DATA UNDER STUDY →

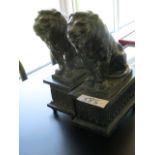 LOT OF (2) Lion Statues (for table-top) ***Note from Auctioneer*** All items will come with an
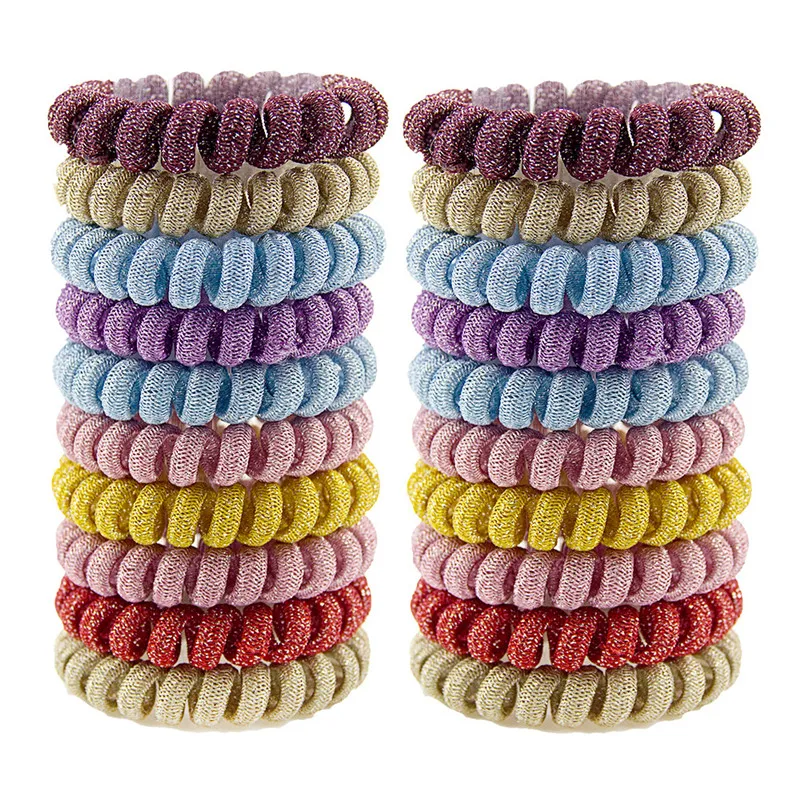 5 Pcs/pag Random Colorful Telephone Wire Line Cord Traceless Wrap Fabric Hair Ring For Girls Women Elastic Hair Rubber Ornaments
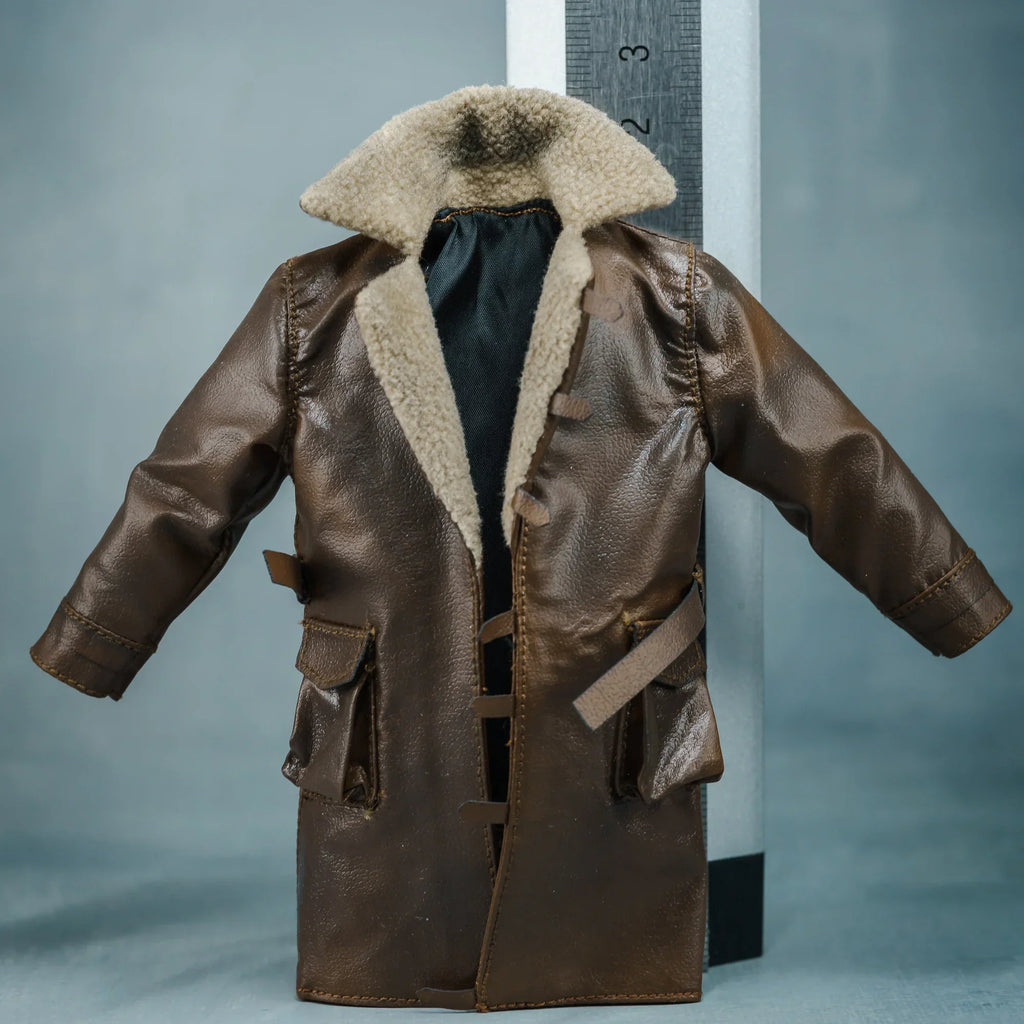 1/10 Scale Male Brown PU Made-old Fur Collar Coat One Leather Jacket Hooded Long Outwear Coat for 7" Bane 20cm C4 Action Figure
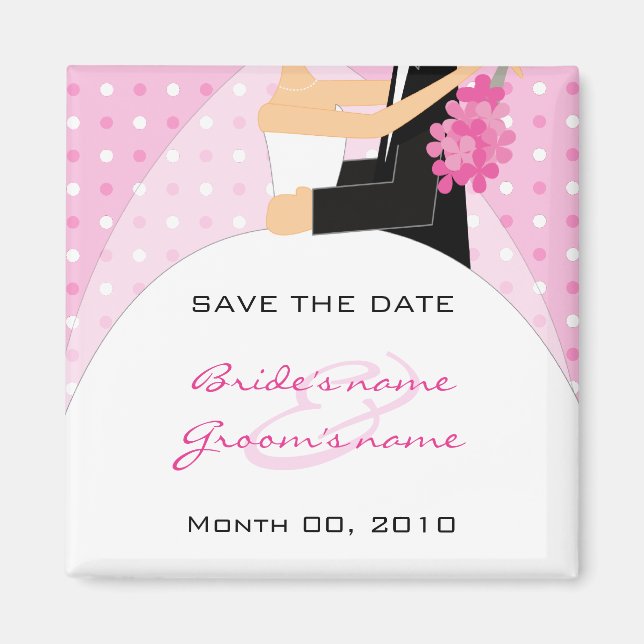 Pink Polka Dot Save the Date Magnets (Front)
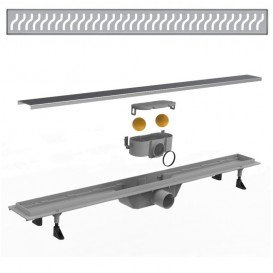 Желоб водосточный Volle 80 см с решеткой волна нержавеющая сталь 90-22-803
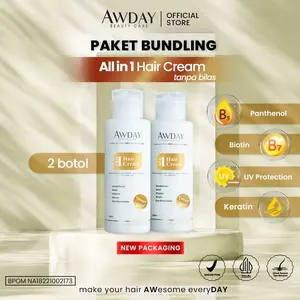 Paket Dua (2) Conditioner Awday All in 1 Hair Cream BPOM Kering Shampoo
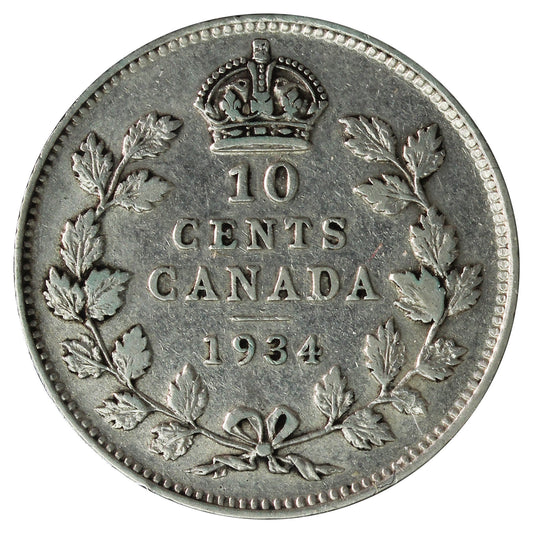 1934 Canada 10-cents VF-EF (VF-30) Impaired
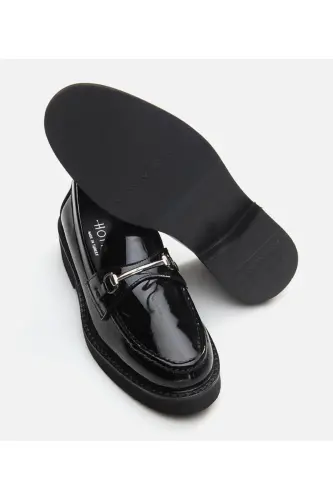 Genuine Leather Black Women Loafer - 6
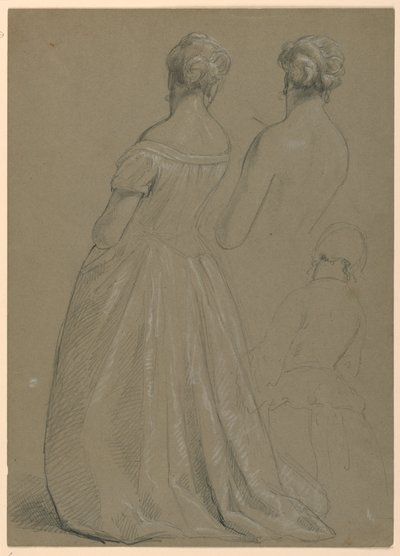 Estudios de mujer de pie para "La Corte Republicana" (Día de Recepción de Lady Washington) de Daniel Huntington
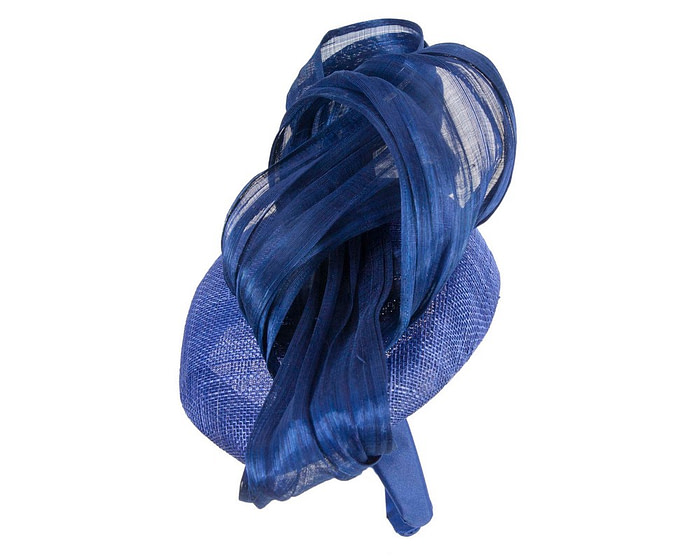 Royal blue pillbox fascinator with silk abaca bow by Fillies Collection - Hats From OZ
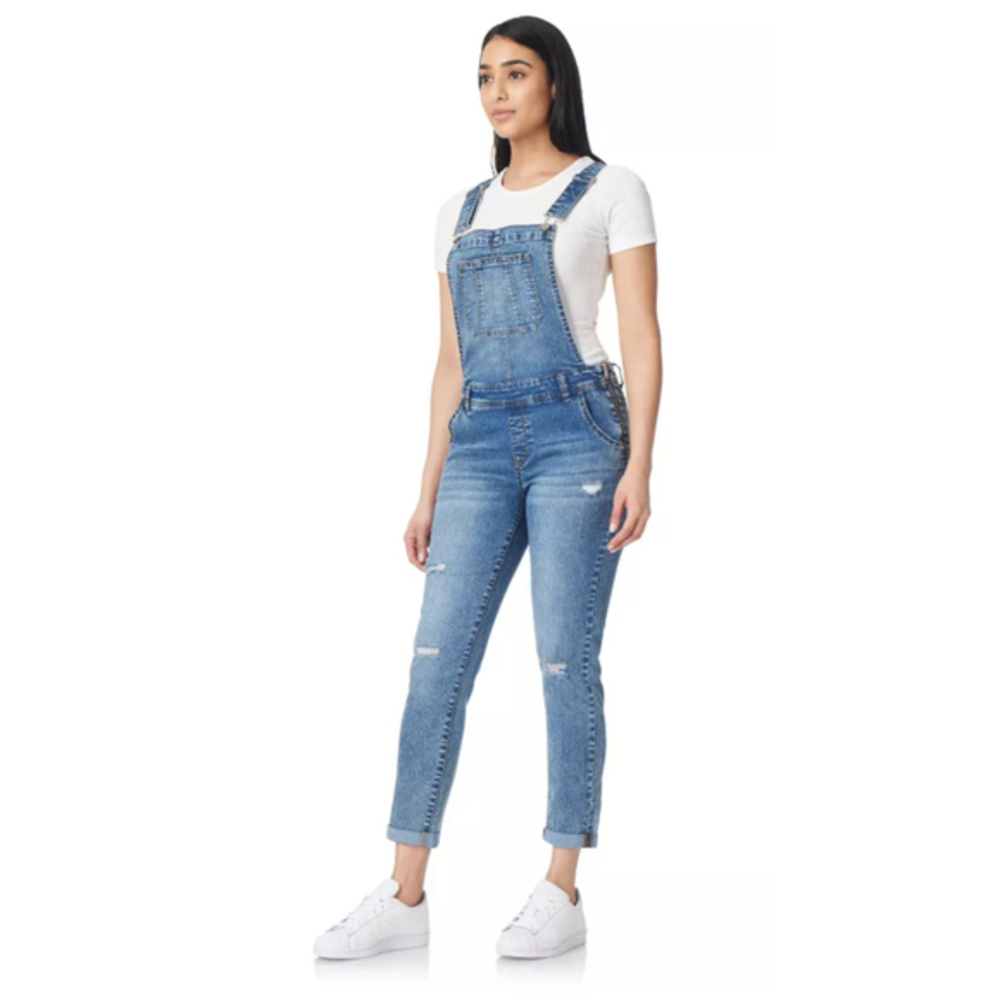 π· Wallflower Side Zip Criss Cross Denim Skinny Overall Bibs - Picture 1 of 10
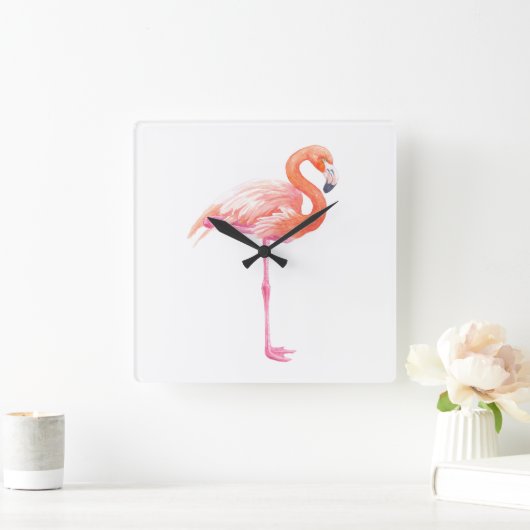 Flamingo-Aquarell Quadratische Wanduhr (Zuhause)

ABOUT THIS EXERCISE → Give exactly those lines of the listing that run from its first line through the line with "Genuine Leather Black Women Loafer - 6", leaving each picture out.

SOLUTION BELOW →
 LOT OF (2) Lion Statues (for table-top) ***Note from Auctioneer*** All items will come with an
 5 Pcs/pag Random Colorful Telephone Wire Line Cord Traceless Wrap Fabric Hair Ring For Girls Women Elastic Hair Rubber Ornaments
 1/10 Scale Male Brown PU Made-old Fur Collar Coat One Leather Jacket Hooded Long Outwear Coat for 7" Bane 20cm C4 Action Figure
 Pink Polka Dot Save the Date Magnets (Front)
 Желоб водосточный Volle 80 см с решеткой волна нержавеющая сталь 90-22-803
 Paket Dua (2) Conditioner Awday All in 1 Hair Cream BPOM Kering Shampoo
 1934 Canada 10-cents VF-EF (VF-30) Impaired
 Genuine Leather Black Women Loafer - 6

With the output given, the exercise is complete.